━━ EXERCISE INPUT

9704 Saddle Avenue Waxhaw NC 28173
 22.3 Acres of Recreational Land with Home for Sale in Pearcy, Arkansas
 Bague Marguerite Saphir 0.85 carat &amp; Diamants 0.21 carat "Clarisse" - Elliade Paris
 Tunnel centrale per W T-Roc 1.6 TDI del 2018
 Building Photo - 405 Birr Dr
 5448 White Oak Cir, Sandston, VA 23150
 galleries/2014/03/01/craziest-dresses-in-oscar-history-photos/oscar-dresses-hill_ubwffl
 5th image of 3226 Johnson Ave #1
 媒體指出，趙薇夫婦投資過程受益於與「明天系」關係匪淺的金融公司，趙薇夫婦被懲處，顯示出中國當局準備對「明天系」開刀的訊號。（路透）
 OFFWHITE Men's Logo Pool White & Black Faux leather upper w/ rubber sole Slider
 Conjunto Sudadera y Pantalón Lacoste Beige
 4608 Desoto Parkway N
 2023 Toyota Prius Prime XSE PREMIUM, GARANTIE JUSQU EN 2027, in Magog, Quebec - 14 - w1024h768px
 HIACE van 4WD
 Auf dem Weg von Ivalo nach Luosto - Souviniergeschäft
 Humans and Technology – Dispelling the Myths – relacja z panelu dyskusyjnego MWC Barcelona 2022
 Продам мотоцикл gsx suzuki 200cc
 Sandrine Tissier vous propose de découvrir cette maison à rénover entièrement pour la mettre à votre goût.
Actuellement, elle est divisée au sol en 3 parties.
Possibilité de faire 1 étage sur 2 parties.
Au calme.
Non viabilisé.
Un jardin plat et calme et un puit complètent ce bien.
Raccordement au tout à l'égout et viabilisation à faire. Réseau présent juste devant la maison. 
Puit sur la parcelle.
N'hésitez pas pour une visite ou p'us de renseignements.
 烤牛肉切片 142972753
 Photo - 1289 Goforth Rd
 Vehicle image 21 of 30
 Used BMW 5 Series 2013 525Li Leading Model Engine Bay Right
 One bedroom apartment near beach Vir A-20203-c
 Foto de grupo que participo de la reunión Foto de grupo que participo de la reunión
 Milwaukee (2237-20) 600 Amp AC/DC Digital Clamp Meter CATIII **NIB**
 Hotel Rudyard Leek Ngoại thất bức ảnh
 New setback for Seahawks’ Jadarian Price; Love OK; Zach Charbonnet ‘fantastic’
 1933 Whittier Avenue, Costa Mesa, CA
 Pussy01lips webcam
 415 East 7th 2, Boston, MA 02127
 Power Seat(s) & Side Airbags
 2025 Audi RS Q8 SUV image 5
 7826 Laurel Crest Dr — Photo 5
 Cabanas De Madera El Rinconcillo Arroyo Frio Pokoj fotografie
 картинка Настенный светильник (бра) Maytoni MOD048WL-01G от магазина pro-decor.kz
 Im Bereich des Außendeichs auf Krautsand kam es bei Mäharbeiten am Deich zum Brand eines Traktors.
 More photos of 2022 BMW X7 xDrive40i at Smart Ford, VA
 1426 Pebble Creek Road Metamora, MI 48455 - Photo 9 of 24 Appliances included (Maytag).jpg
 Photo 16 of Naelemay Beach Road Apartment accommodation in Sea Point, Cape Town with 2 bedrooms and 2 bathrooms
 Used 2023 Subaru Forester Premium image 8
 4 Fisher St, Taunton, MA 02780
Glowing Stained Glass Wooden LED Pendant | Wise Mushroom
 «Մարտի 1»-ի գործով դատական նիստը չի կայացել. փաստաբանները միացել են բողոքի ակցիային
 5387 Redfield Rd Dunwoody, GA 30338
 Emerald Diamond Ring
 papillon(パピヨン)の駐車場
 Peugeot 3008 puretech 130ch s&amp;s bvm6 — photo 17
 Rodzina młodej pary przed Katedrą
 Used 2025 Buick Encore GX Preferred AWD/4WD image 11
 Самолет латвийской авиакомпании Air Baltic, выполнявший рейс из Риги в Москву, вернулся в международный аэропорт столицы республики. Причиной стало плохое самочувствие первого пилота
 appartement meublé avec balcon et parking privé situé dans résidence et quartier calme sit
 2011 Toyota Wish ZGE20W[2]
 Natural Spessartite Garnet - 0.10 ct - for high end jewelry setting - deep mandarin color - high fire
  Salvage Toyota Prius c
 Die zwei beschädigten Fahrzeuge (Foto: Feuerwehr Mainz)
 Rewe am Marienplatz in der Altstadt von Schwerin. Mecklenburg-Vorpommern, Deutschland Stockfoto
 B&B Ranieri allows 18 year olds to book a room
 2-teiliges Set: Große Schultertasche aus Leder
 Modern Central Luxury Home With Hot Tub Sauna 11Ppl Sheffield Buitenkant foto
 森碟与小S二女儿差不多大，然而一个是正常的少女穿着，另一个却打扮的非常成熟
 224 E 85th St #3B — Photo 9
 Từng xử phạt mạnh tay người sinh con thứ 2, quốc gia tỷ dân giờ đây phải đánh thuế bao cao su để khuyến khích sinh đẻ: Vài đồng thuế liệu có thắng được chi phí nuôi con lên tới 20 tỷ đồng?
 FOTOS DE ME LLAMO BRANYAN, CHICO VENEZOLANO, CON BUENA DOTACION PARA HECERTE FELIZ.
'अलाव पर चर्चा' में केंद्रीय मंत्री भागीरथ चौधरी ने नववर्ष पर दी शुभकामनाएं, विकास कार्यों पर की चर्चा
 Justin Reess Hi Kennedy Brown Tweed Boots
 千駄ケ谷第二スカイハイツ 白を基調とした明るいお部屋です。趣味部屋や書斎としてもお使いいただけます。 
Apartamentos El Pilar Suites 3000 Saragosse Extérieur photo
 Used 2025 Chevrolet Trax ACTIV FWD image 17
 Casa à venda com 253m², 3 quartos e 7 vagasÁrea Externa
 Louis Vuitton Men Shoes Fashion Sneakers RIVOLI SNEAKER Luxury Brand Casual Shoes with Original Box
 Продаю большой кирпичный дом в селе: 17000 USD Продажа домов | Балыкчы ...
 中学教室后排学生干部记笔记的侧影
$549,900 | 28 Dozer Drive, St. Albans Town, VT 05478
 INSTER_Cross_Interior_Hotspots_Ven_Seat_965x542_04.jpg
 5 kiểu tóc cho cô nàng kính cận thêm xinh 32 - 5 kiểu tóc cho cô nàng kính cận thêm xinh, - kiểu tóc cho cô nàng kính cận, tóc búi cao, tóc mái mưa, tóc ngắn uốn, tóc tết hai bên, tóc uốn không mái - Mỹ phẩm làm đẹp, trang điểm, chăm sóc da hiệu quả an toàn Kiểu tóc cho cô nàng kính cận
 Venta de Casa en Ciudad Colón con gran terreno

━━━━

_PROBLEM DETAILS_. All lines above that hold the string "parties" should be copied.

_EXPECTED ANSWER_.
Actuellement, elle est divisée au sol en 3 parties.
Possibilité de faire 1 étage sur 2 parties.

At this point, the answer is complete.